Hybridizing Avalon, VW Anxious To Party With Porsche, And Mitt Doesn't Scare Musk

1st Gear: A Mixed Bag For June Auto Sales?
TrueCar is out ahead of June auto sales with some projections. In a press release, it forecasts that sales for the month will be up 18 percent from June a year ago, but down from May 2012, and it also thinks the seasonally adjusted selling rate (or SAAR to you and me) will be up from last year, and also down from last month. It predicts the SAAR for the first half of the year was the strongest since 2008. But here are a couple of things to think about. Last year, June was pretty awful for the Japanese carmakers, who were crippled by the earthquake and tsunami, so you ought to have a bump in June sales.

And, I'm intrigued by the idea that June this year might not be as strong as last month. At this point in the year, you want a smooth upward trajectory in sales and SAAR until August, which has usually been a blow out month, thanks to end of summer clearance sales. Many of the car companies have been predicting that the second half will be stronger than the first.
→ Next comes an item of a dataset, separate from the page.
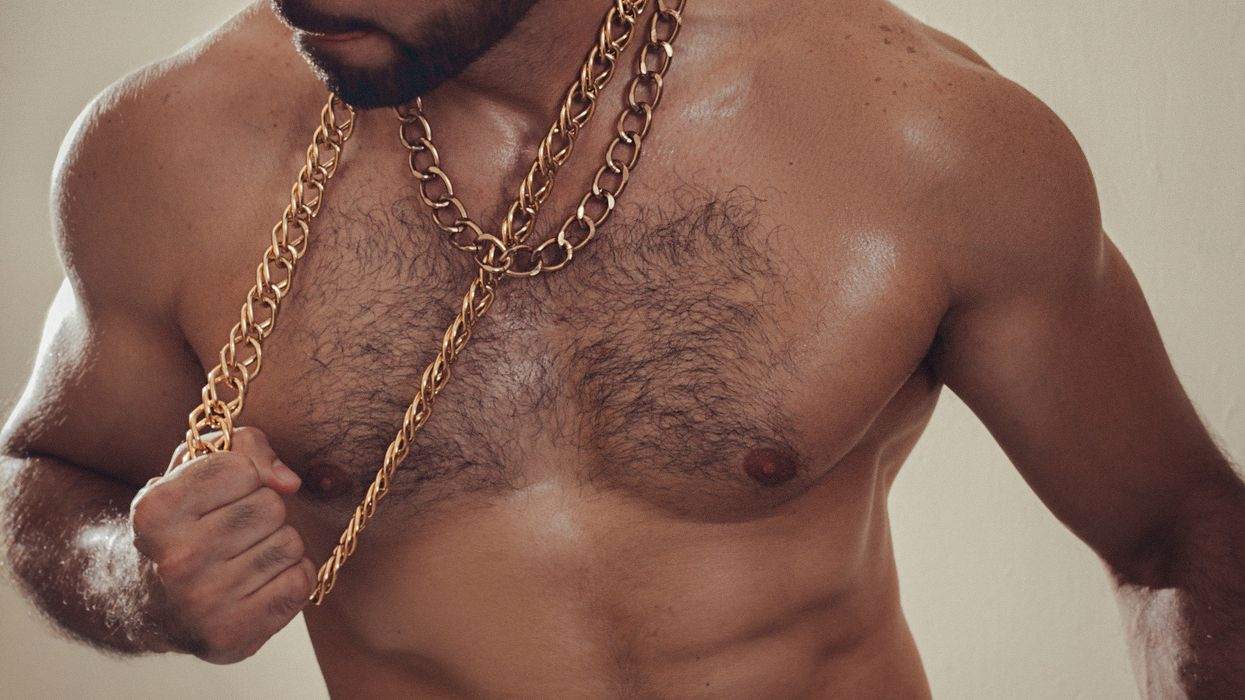 shirtless man wearing gold chains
A mixed bag for June might make them go looking for some new forecasts.


Hybridizing Avalon, VW Anxious To Party With Porsche, And Mitt Doesn't Scare Musk

2nd Gear: The Japanese Buick Gets A Hybrid
Automotive News reports that Toyota will offer a hybrid powertrain on the 2013 Avalon, the big sedan that some of us have always thought of as a Japanese Buick. The newest version of Avalon is set to be in showrooms in November, after disappearing from the market for a big. The first Avalon went on sale in the U.S. in 1994.

With the hybrid, the Avalon will get 40 mpg city, 39 mpg highway, and 40 mpg in combined driving. Toyota showed the new version of the Avalon at the New York auto show in April. The Avalon is built in Georgetown, KY, and this car was designed in Ann Arbor, MI, and Newport Beach, CA, and the engineering work was done in Ann Arbor. It also will be available with a V6.


Hybridizing Avalon, VW Anxious To Party With Porsche, And Mitt Doesn't Scare Musk

3rd Gear: Toyota, BMW May Get Even More Cosy
Jiji Press brings more news about Toyota hybrids, this time involving BMW. It says the two automakers will talk about expanding their partnership on fuel-efficient vehicles. Toyota wants technical support from BMW to reduce vehicles' weight, and is willing to provide BMW with hybrid and fuel cell vehicle technologies, the news service says. In December, the two companies agreed to conduct joint research for a next-generation lithium-ion storage cell, the core technology for gasoline-electric hybrid and electric vehicles, and Toyota's procurement of fuel-efficient diesel engines from BMW. Word of the closer partnership comes as BMW is reexamining its ties with France's Peugeot, which is linking up with Opel.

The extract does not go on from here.